The House Financial Services Committee marked up and passed legislation designed to ensure credit unions have parity with FDIC-insured financial institutions in relation to escrow accounts.
The Credit Union Share Insurance Fund Parity Act, which was introduced on Wednesday by Reps. Ed Royce (R-Calif.), Ed Perlmutter (D-Colo.), Gary Miller (R-Calif.) and Brad Sherman (D-Calif.), would amend the Federal Credit Union Act to provide share insurance coverage to funds held in a member account by a nonmember.
Both the Credit Union National Association and National Association of Federal Credit Unions have voiced support for the measure.
“Consumers often do not distinguish between the government backing on accounts at financial institutions,” NAFCU Vice President of Legislative Affairs Brad Thaler said, according to Credit Union Times. “It is important that the law dictate that there is no difference in coverage, so as not to favor one type of institution over another in the marketplace.”
CUNA pointed to a 2008 letter from the National Credit Union Administration on insurance coverage on Interest on Lawyers’ Trust Accounts.
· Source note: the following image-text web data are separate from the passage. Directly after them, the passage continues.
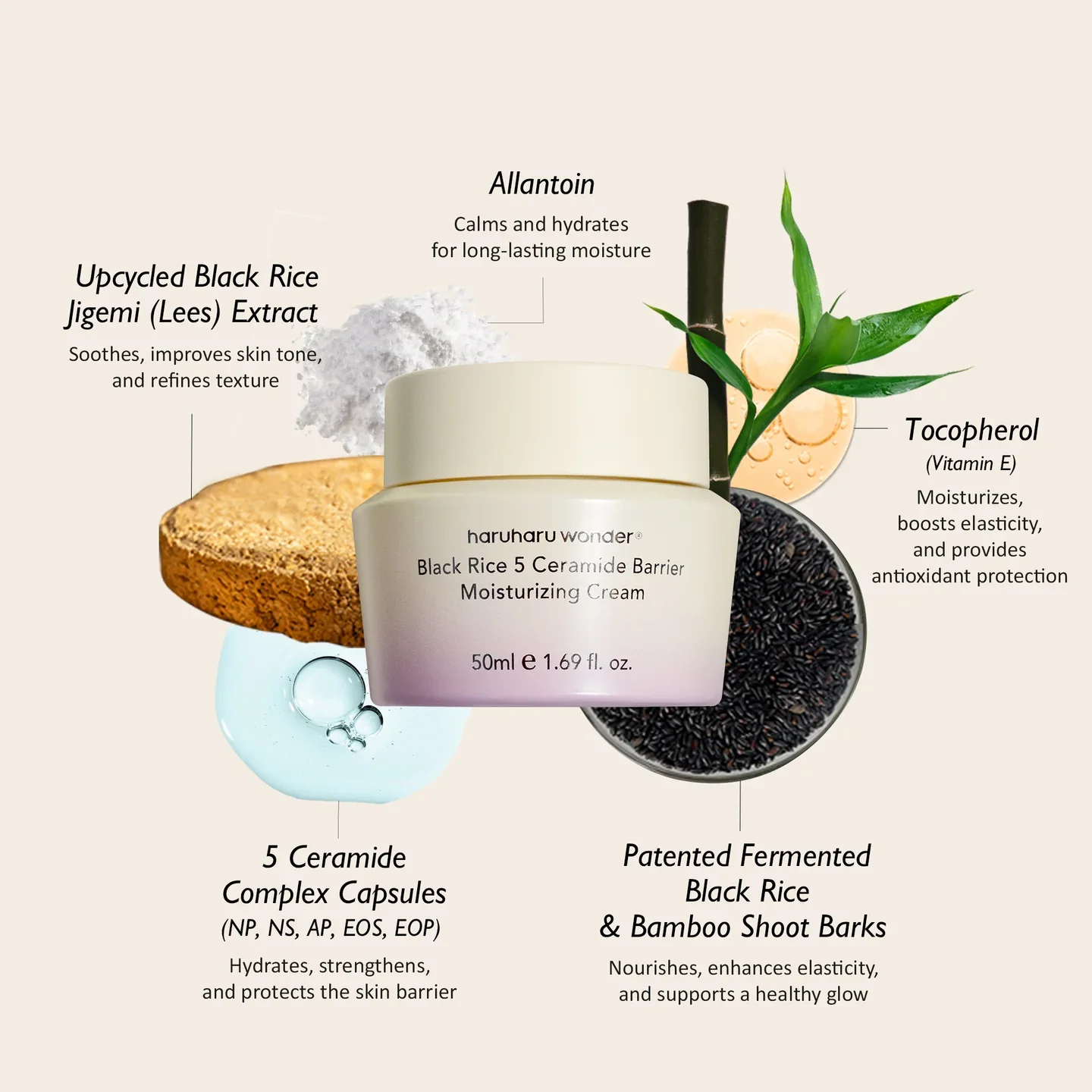 Black Rice 5 Ceramide Barrier Moisturizing Cream - Image 5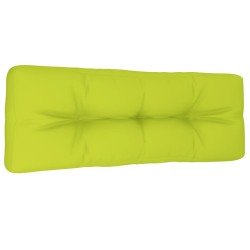 vidaXL Cojín para sofá de palets de tela verde claro 120x40x12 cm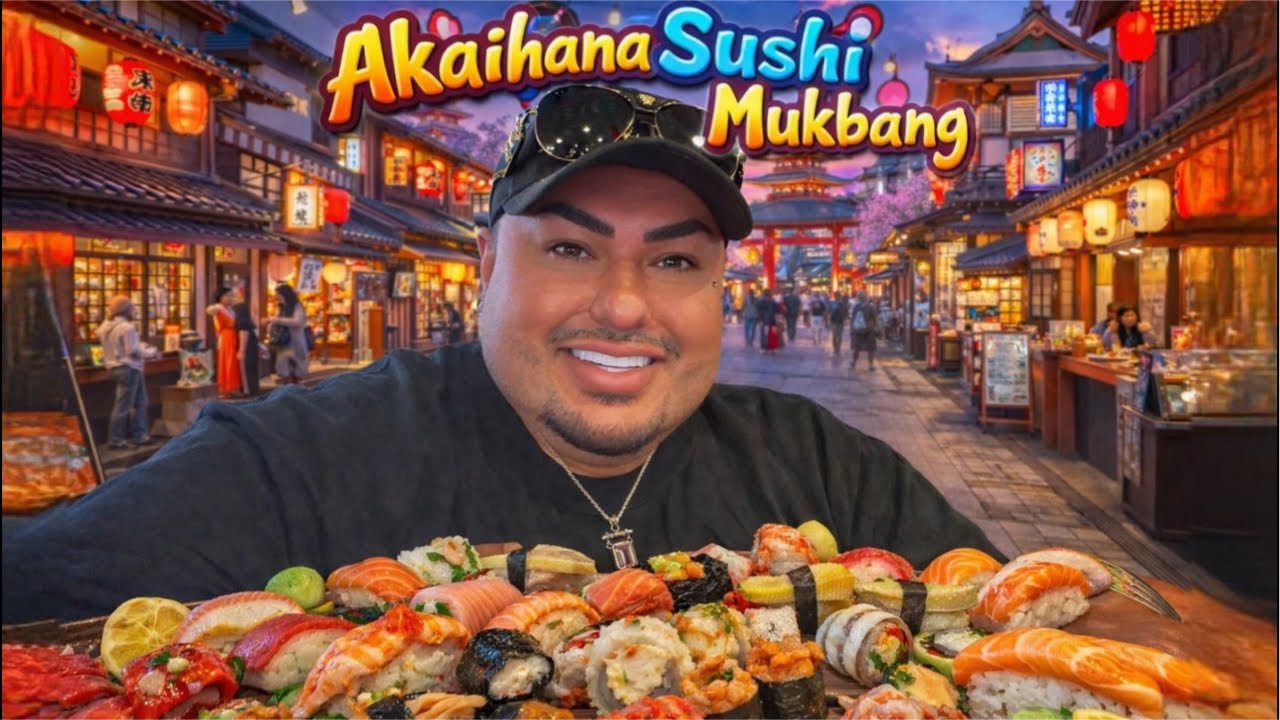 SUSHI MUKBANG • w/ Mama Dove • Thank You Catalina Ramirez
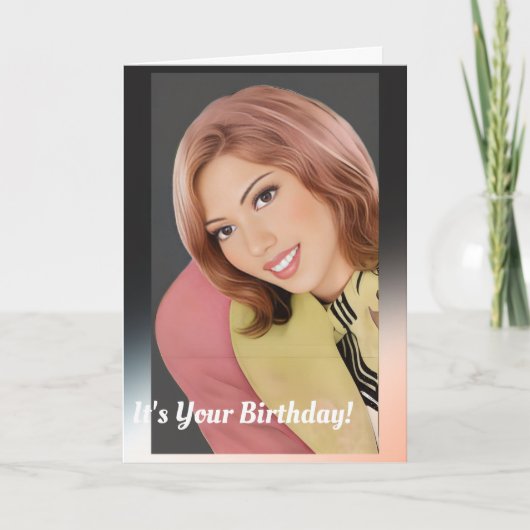 Happy Birthday Kaart voor haar (Voorkant)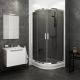 Душевой уголок Ravak Blix BLCP4-90 3B270C00ZG блестящий грейп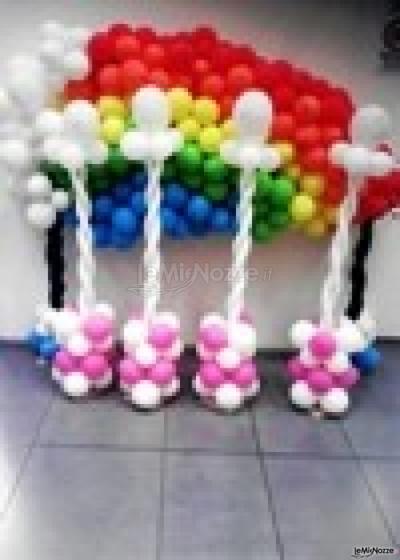 Arcobaleno e allestimenti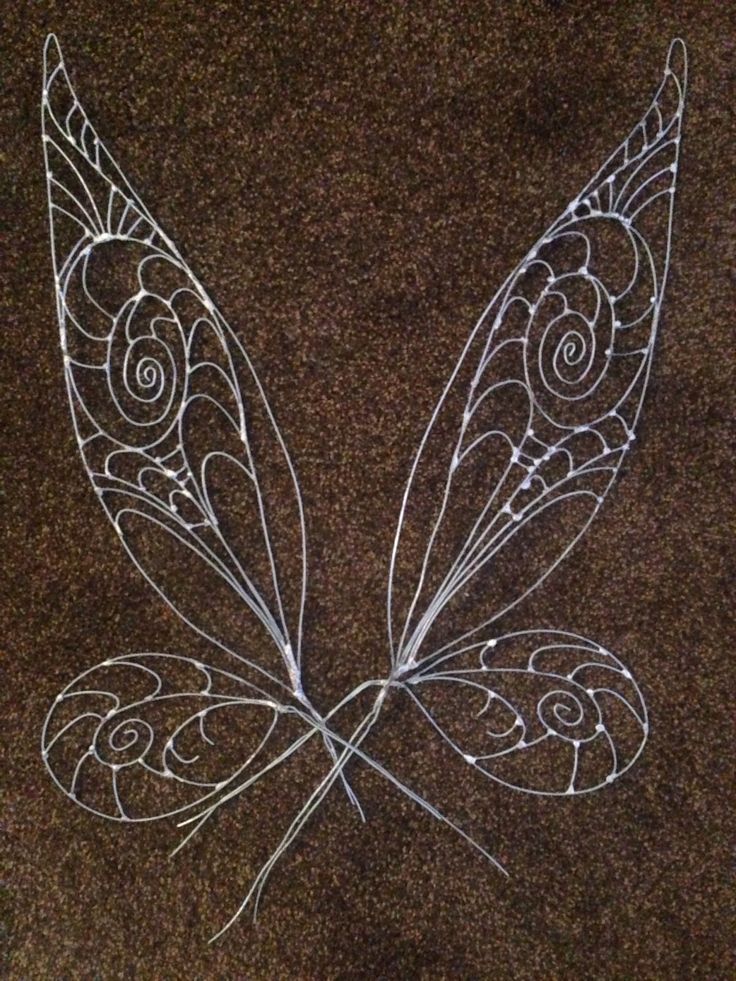 a drawing of a butterfly with swirls on it's wings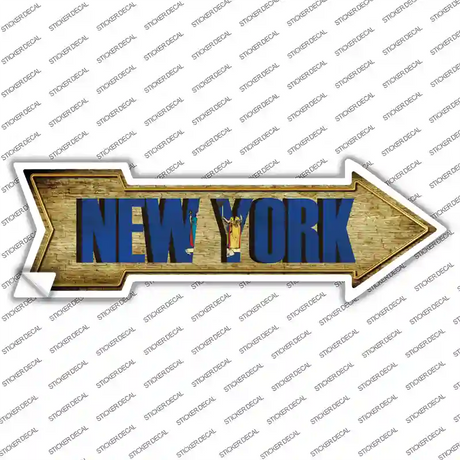 New York Novelty Arrow Sticker Decal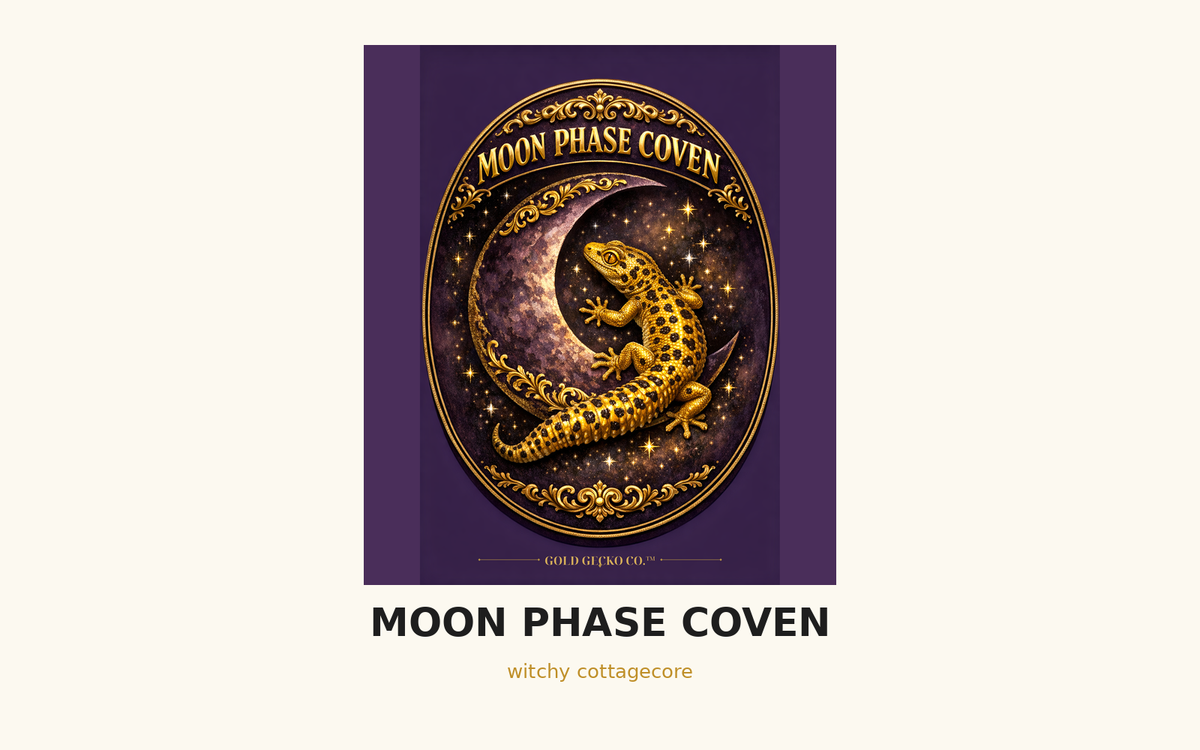 GGC Scroll v2 — Moon Phase Coven landscape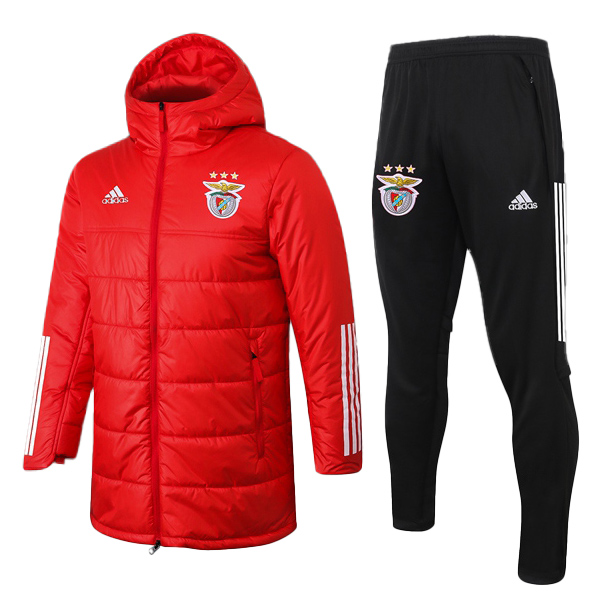 Nuova Insieme Piumino Calcio S.L Benfica + Pantaloni Rosso 2020/2021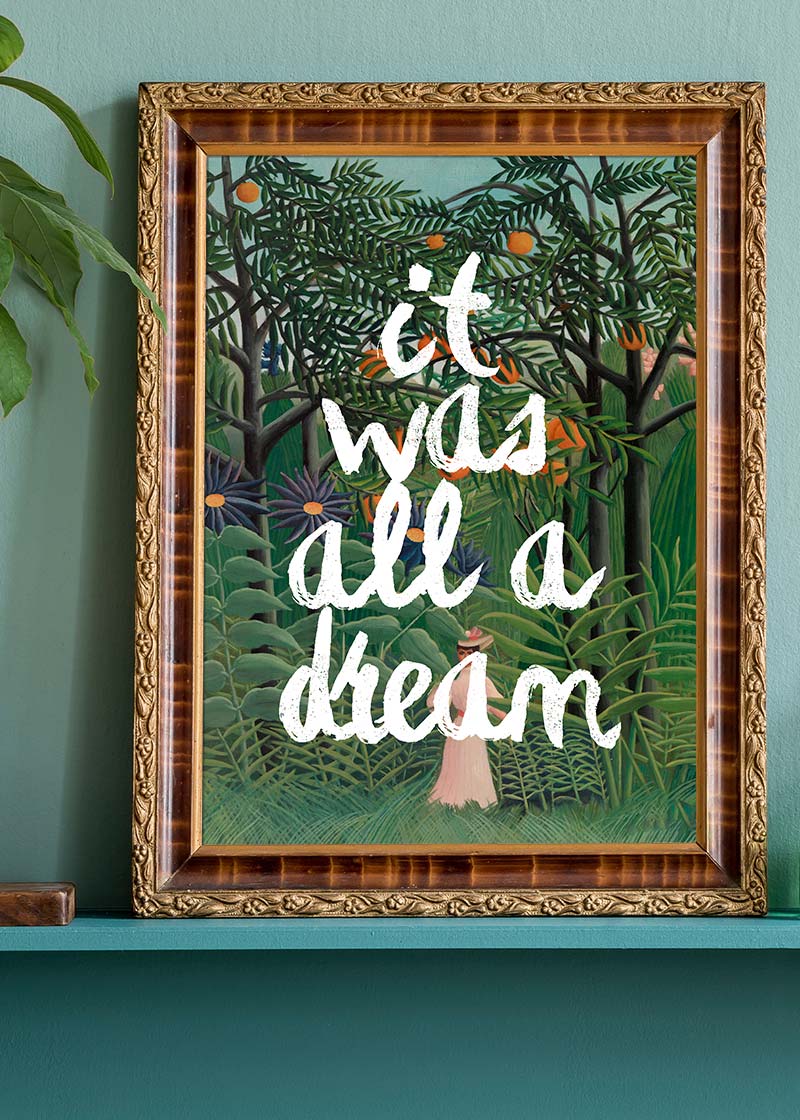 Henri Rousseau It Was All A Dream Paint Print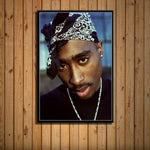 tableau Tupac Shakur bandeau rouge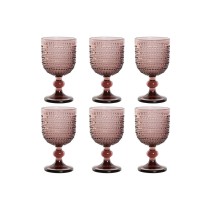 Set de Verres Home ESPRIT Rose Verre 240 ml (6 Unités)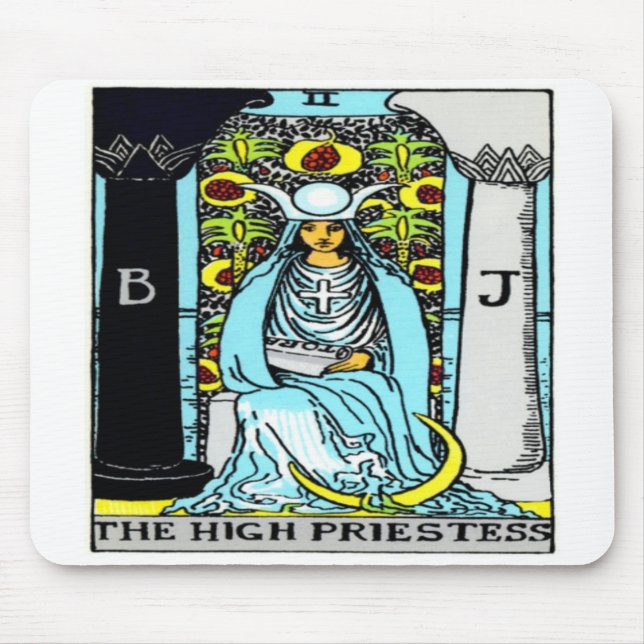 The High Priestess Mouse Pad (Front)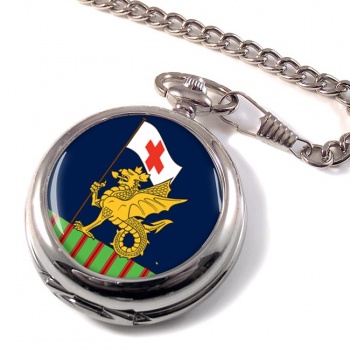 243 Field Hussars (British Army) Pocket Watch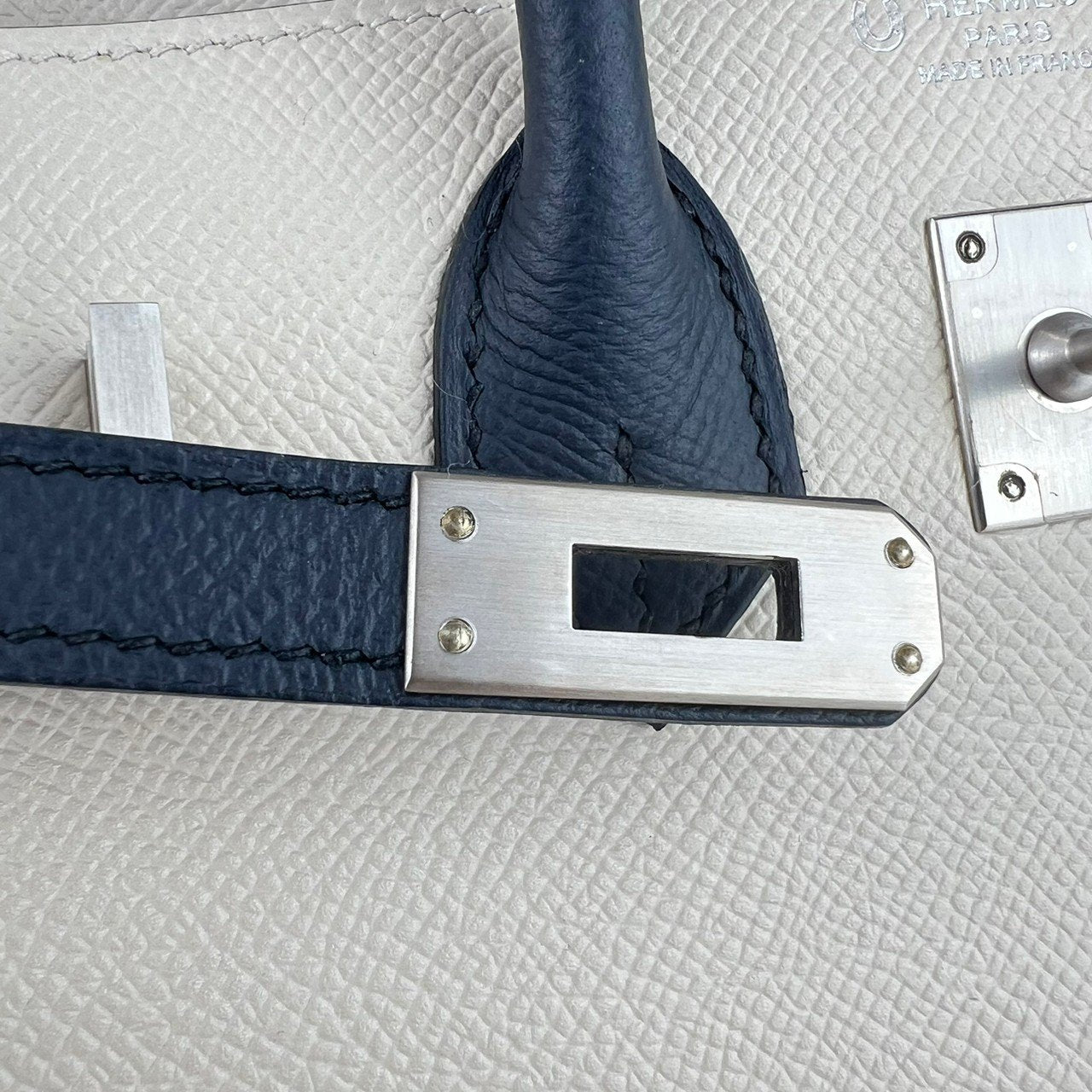 Birkin25 バーキン25 Craie/Black クレ/ブラック Togo トゴ PHW シルバー金具 D刻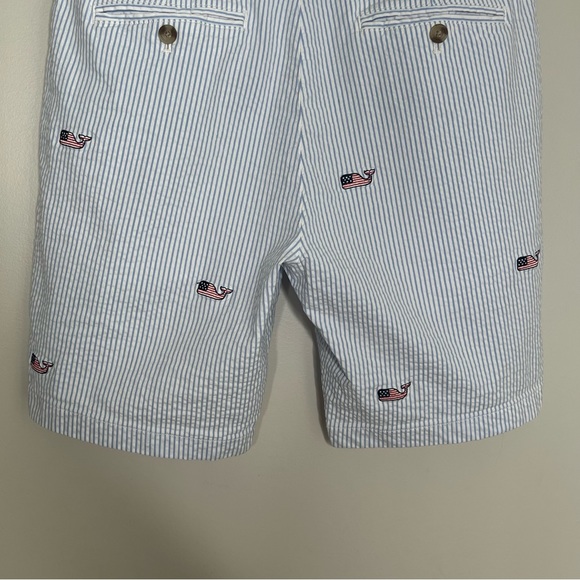 Vineyard Vines Men’s Seersucker Patriotic American Flag Breaker Short Size 32 - Picture 10 of 14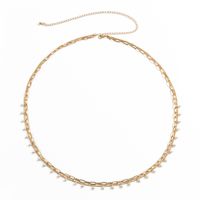 Sexy Pearl Alloy Copper Alloy Copper Gold Plated Women's Waist Chain main image 3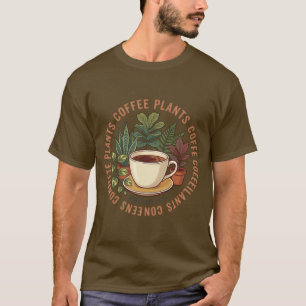 Camiseta Clube de Amantes de Plantas e Café Botânico Retro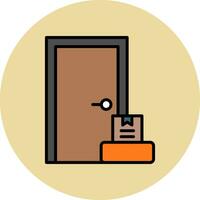 Door To Door Vector Icon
“The accounts are those set up by lawyers at a credit union or bank to hold funds for their clients,” CUNA said, Credit Union Times reports. “Often, the interest accrued is paid to the state or the state bar association to fund legal services. CUNA has noted that the situation puts credit unions at a disadvantage to attract this type of account if all the clients must be members, rather than just the attorney establishing the account. CUNA has discussed the issue both on the regulatory and legislative fronts.”